What you have to do: Nothing but the lines below from the one holding "Rolex Submariner Date" up to and including the one holding "Full Throttle Child" should be copied, exactly and without pictures.
───── Given records
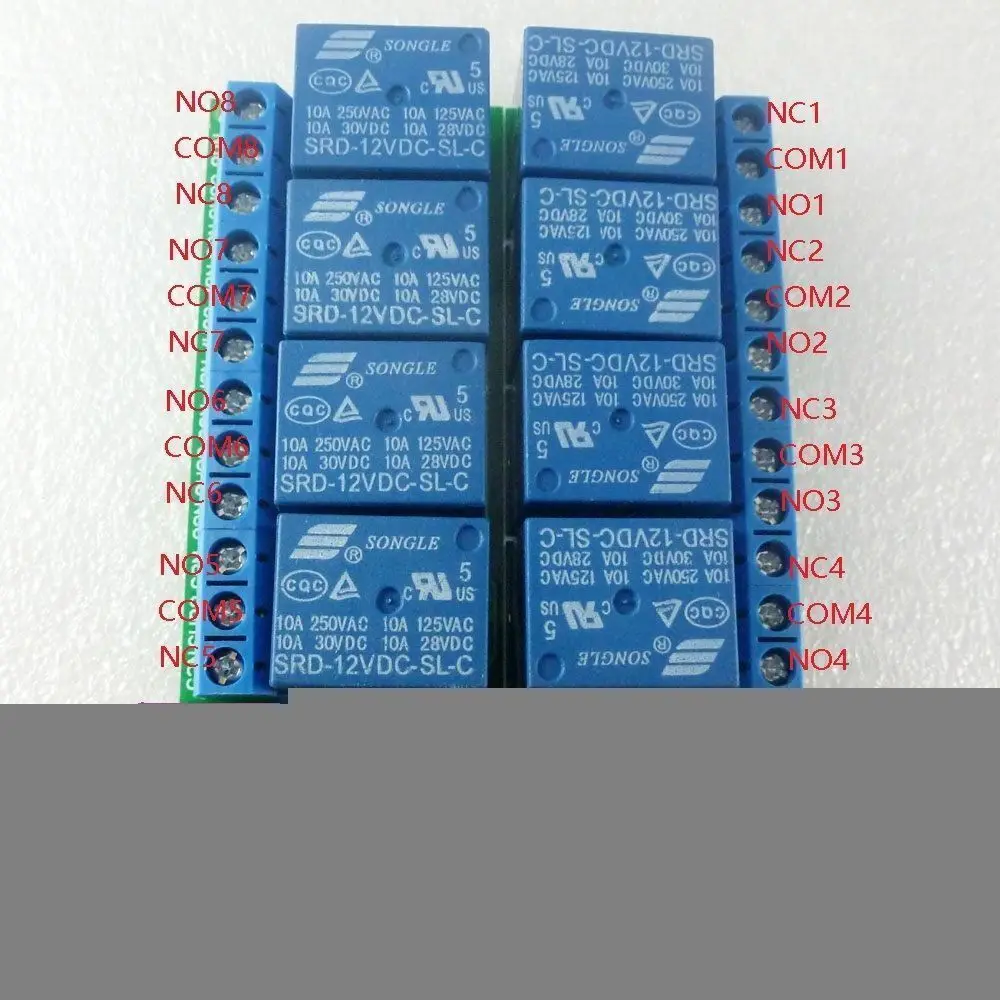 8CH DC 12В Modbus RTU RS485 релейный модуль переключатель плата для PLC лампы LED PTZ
──────────
───── Given records
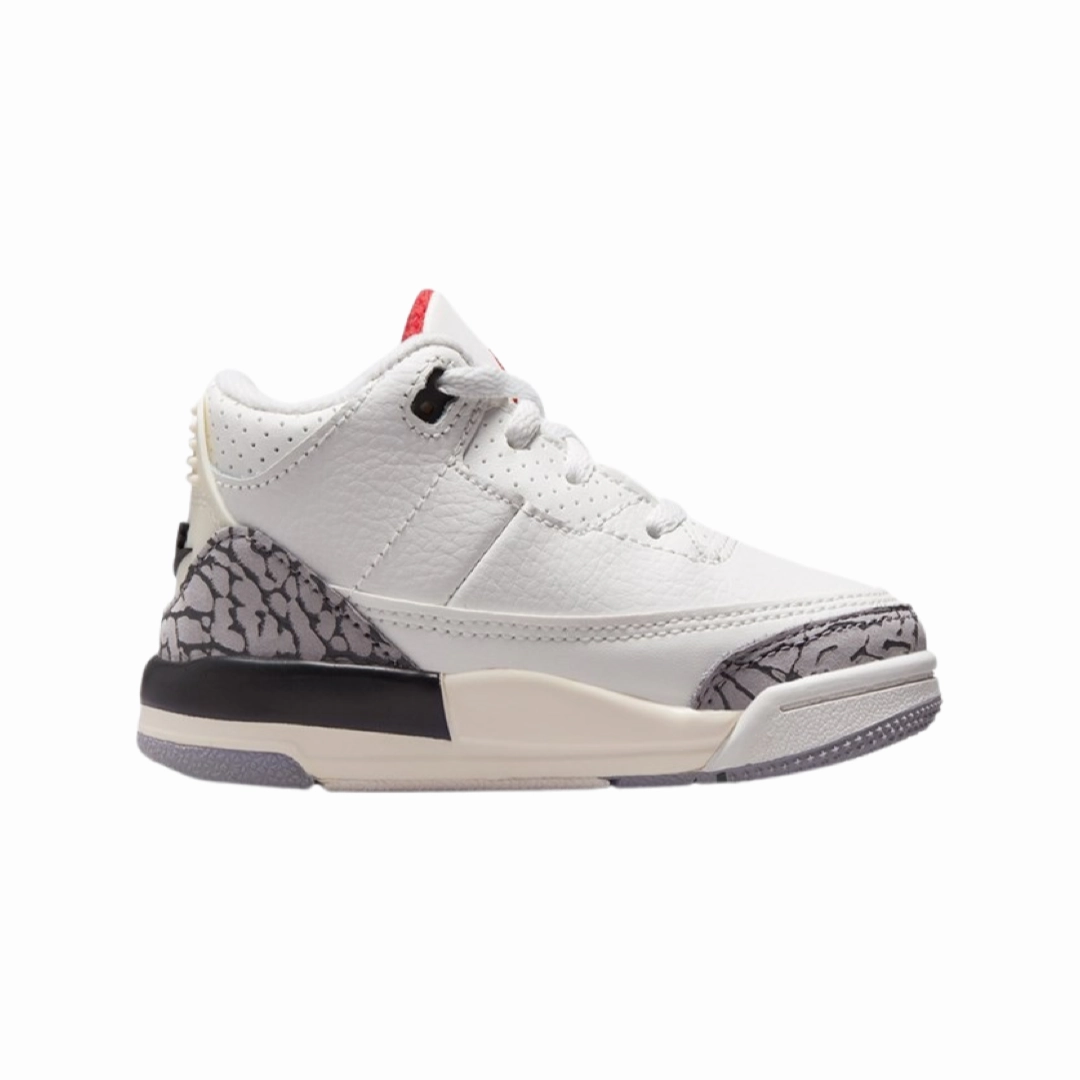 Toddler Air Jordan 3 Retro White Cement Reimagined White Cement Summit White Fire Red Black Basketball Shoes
──────────
───── Given records
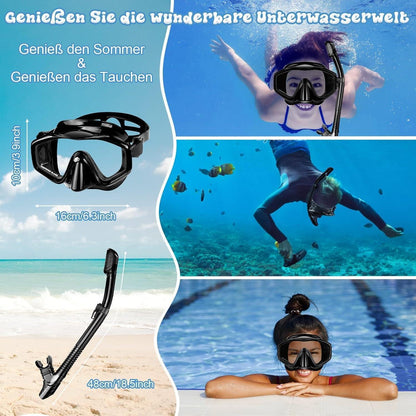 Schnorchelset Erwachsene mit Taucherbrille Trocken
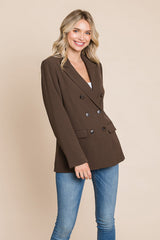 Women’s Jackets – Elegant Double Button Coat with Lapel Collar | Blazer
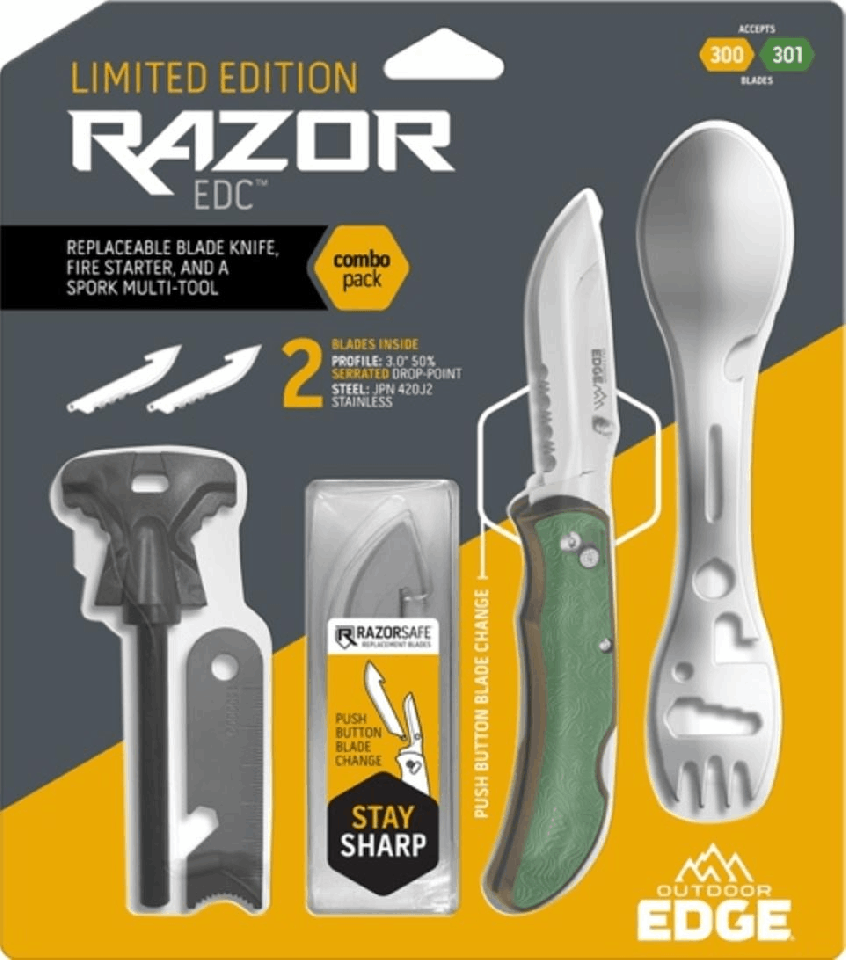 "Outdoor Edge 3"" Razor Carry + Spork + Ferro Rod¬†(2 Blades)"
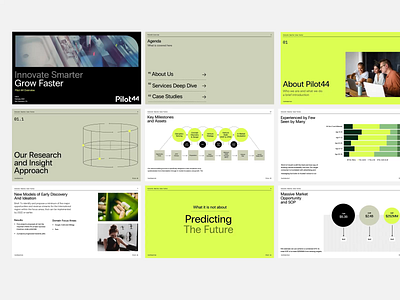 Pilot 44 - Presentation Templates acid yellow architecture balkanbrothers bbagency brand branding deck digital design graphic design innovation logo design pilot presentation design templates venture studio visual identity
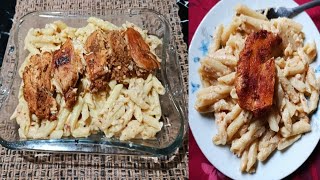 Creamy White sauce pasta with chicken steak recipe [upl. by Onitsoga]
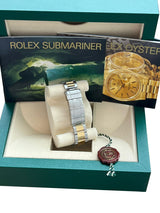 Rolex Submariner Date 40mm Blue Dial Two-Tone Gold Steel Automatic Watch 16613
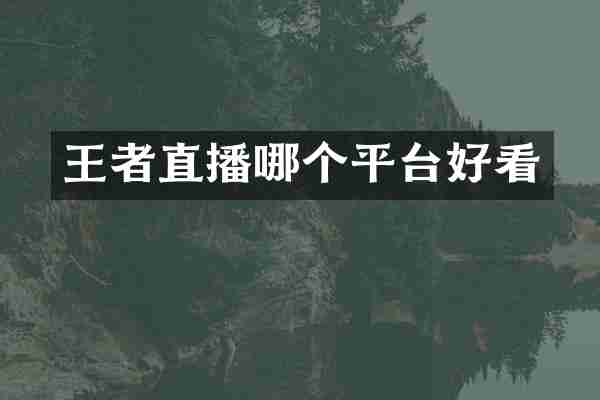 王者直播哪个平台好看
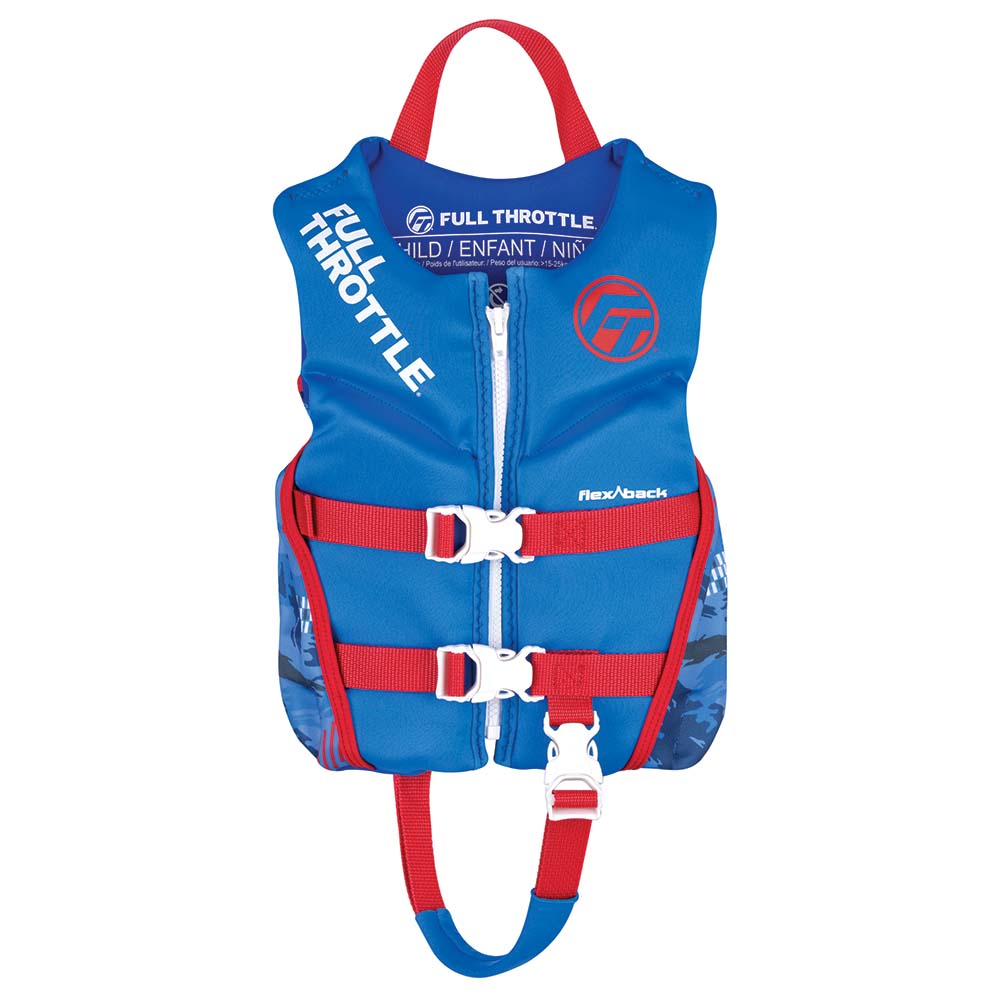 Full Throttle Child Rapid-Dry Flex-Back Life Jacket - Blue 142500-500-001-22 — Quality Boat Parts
──────────
Answer area:
 Rolex Submariner Date 40mm Blue Dial Two-Tone Gold Steel Automatic Watch 16613
 王者直播哪个平台好看
 Full Throttle Child Rapid-Dry Flex-Back Life Jacket - Blue 142500-500-001-22 — Quality Boat Parts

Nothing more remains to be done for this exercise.